— Data extract —
- - - - -

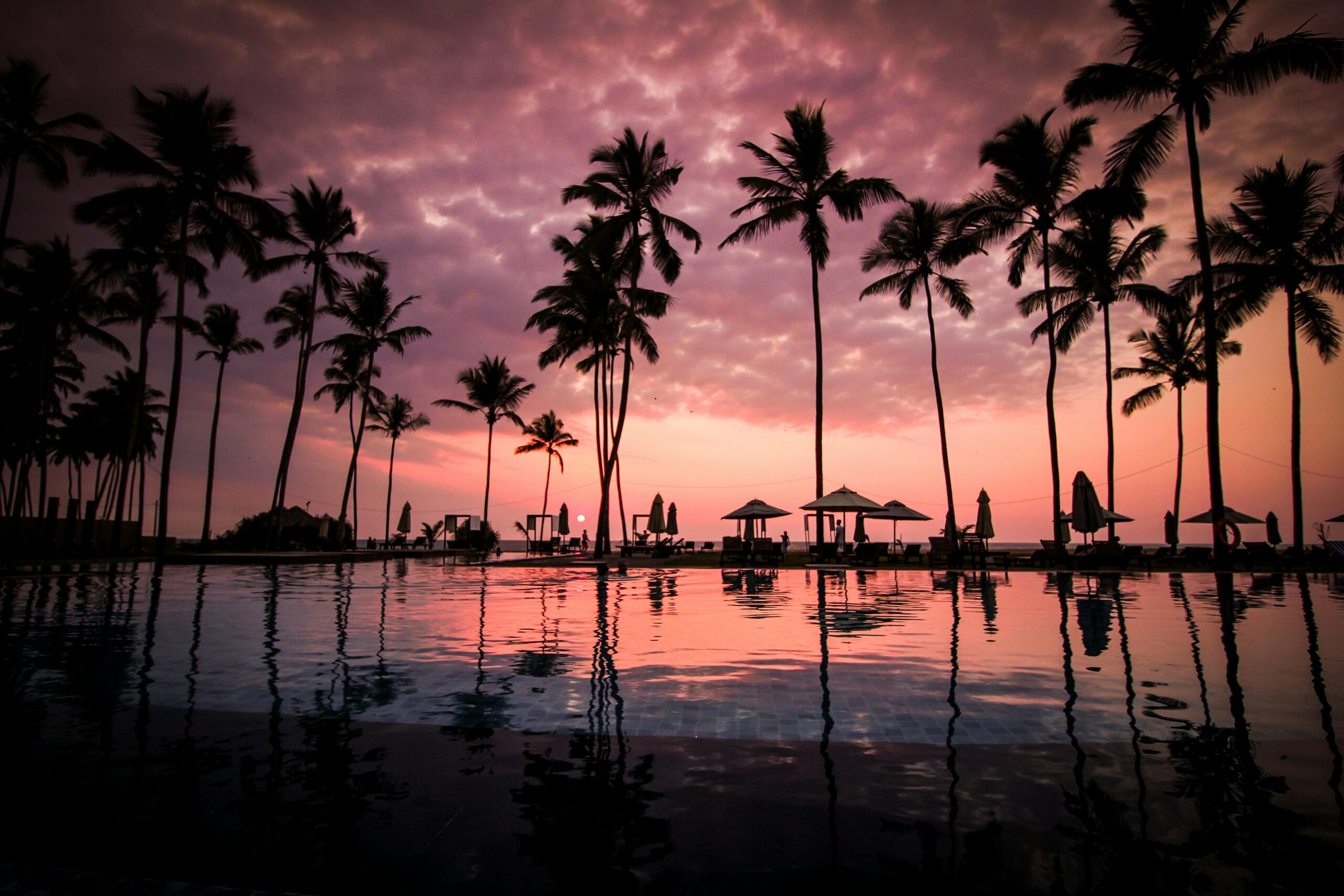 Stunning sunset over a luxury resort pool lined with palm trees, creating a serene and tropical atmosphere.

- - - - -

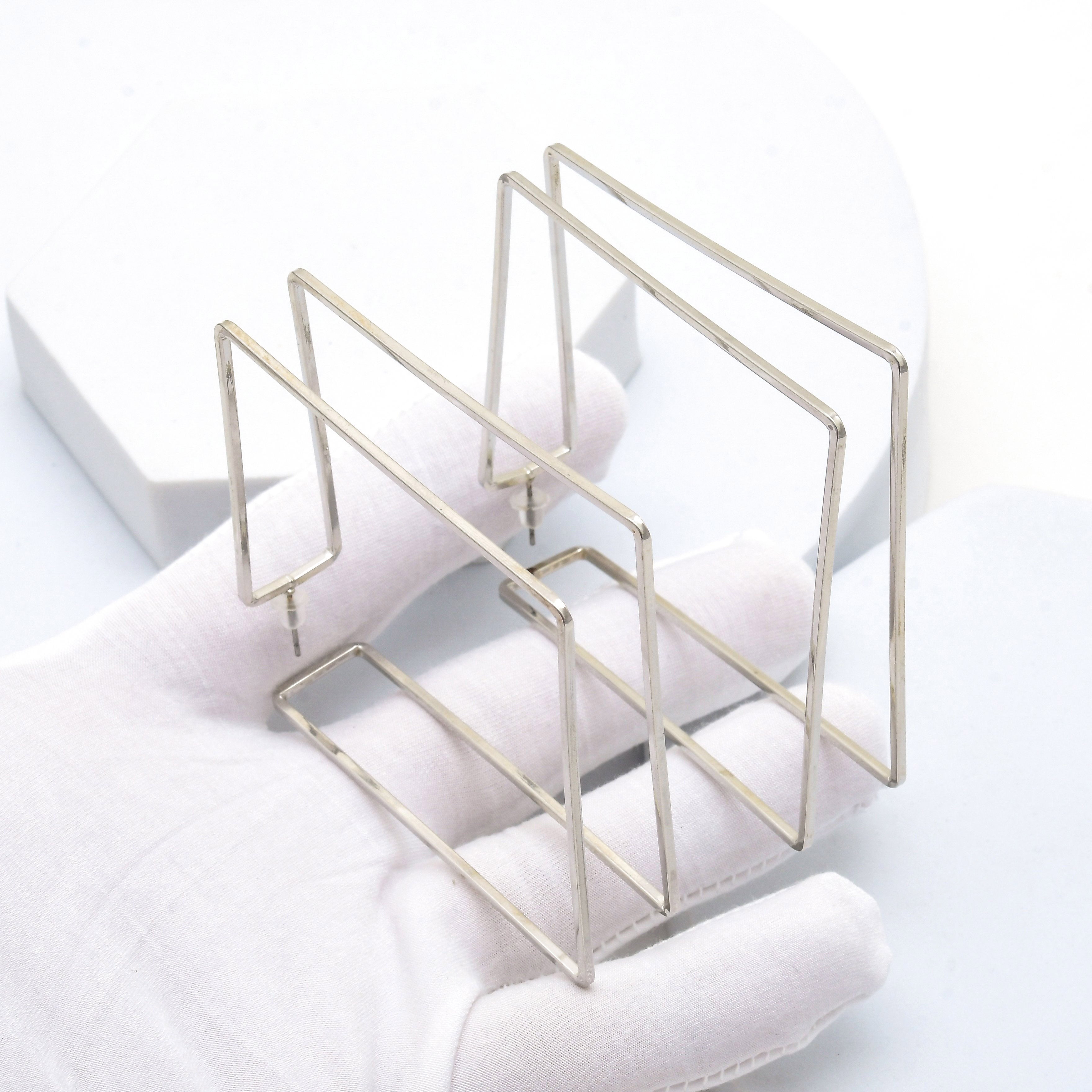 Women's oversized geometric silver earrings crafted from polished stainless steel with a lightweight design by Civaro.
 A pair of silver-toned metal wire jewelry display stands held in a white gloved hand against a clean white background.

- - - - -

— What is being asked —
Out of the records above, set down only the lines from the one that contains "Women's oversized geometric" through the one that contains "A pair of silver-toned", unchanged and without the pictures.

— Exercise output —
 Women's oversized geometric silver earrings crafted from polished stainless steel with a lightweight design by Civaro.
 A pair of silver-toned metal wire jewelry display stands held in a white gloved hand against a clean white background.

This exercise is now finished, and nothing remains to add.